● TASK ITEM
Start with the line that holds "The concept of". Please copy it and each remaining line below exactly, leaving pictures out.

(Dataset entries)
────────

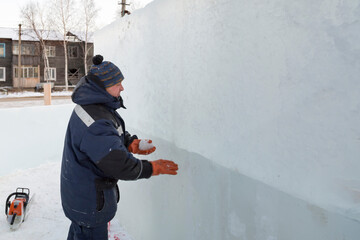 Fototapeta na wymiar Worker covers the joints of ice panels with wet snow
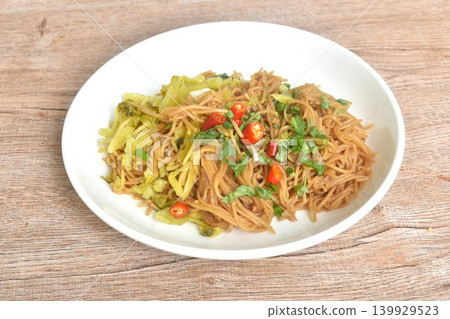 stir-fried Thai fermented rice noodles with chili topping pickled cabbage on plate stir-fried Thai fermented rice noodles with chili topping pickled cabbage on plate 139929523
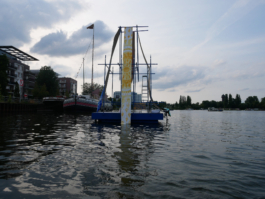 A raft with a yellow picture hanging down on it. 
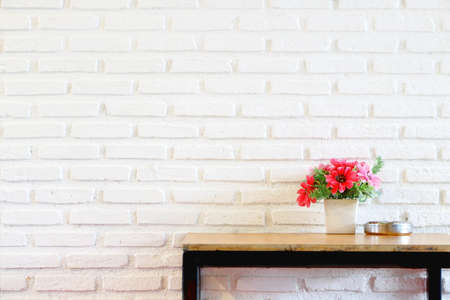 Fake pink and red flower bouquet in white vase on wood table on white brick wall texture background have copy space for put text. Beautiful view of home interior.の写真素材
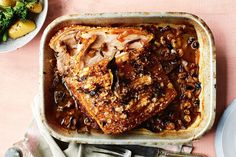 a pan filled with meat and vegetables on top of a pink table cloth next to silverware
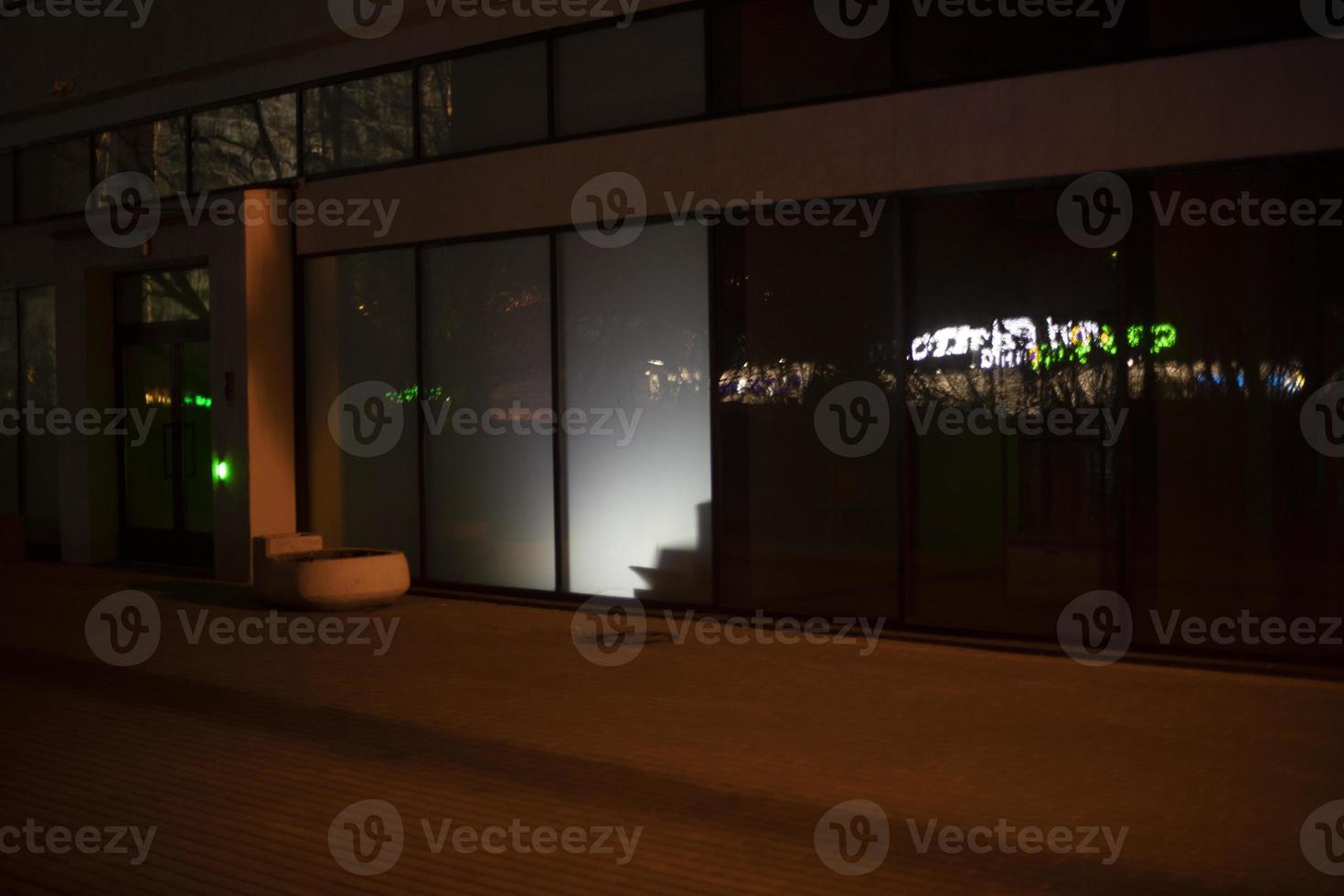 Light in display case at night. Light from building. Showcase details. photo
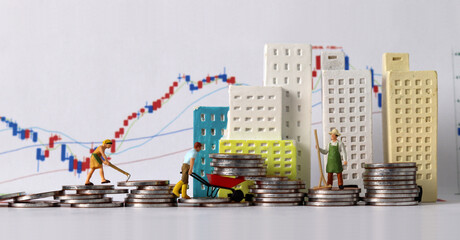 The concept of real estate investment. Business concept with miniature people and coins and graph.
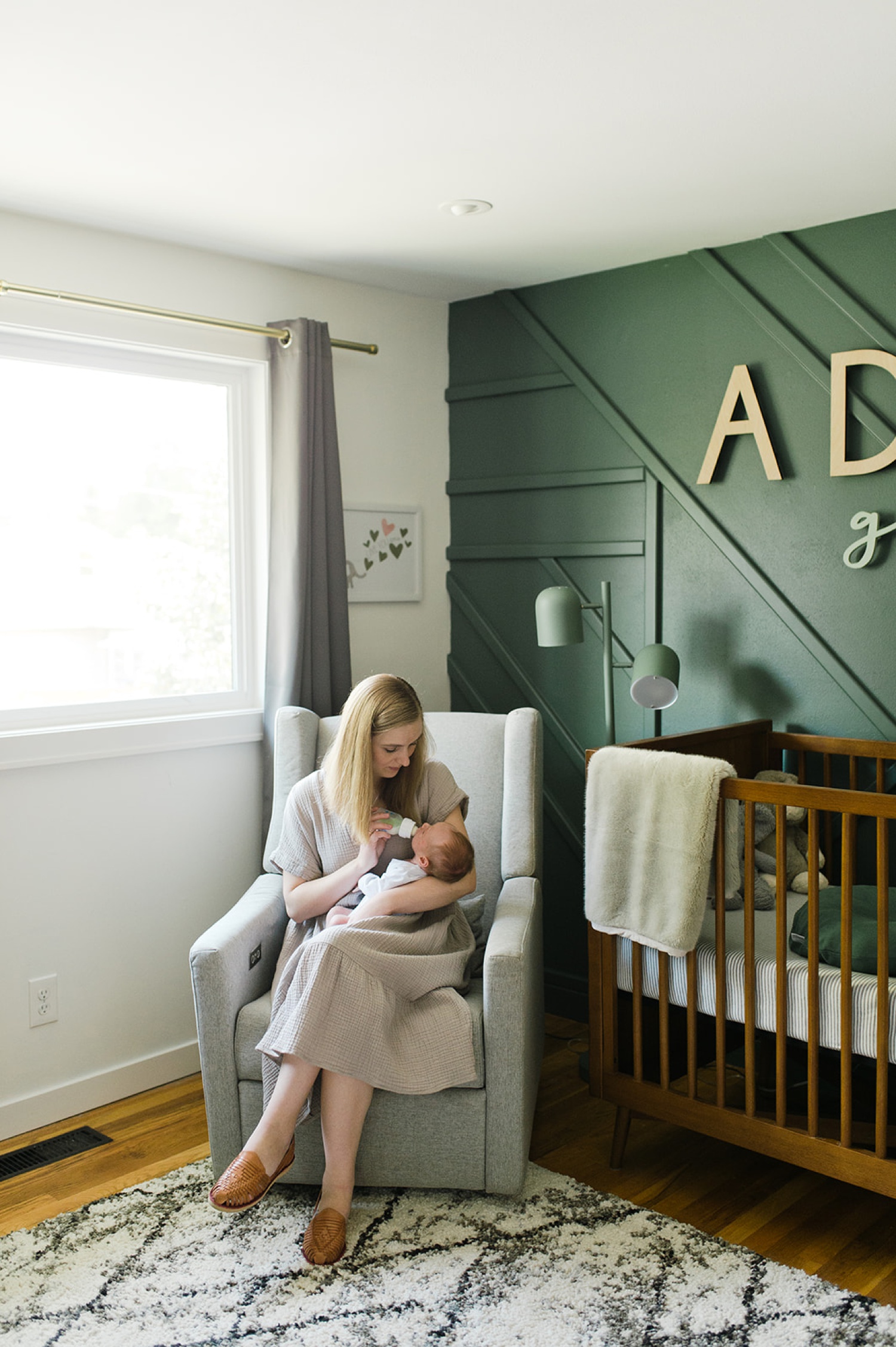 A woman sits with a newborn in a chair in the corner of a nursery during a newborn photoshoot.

────────

● RESULT OF THE EXERCISE
 The concept of real estate investment. Business concept with miniature people and coins and graph.
 A woman sits with a newborn in a chair in the corner of a nursery during a newborn photoshoot.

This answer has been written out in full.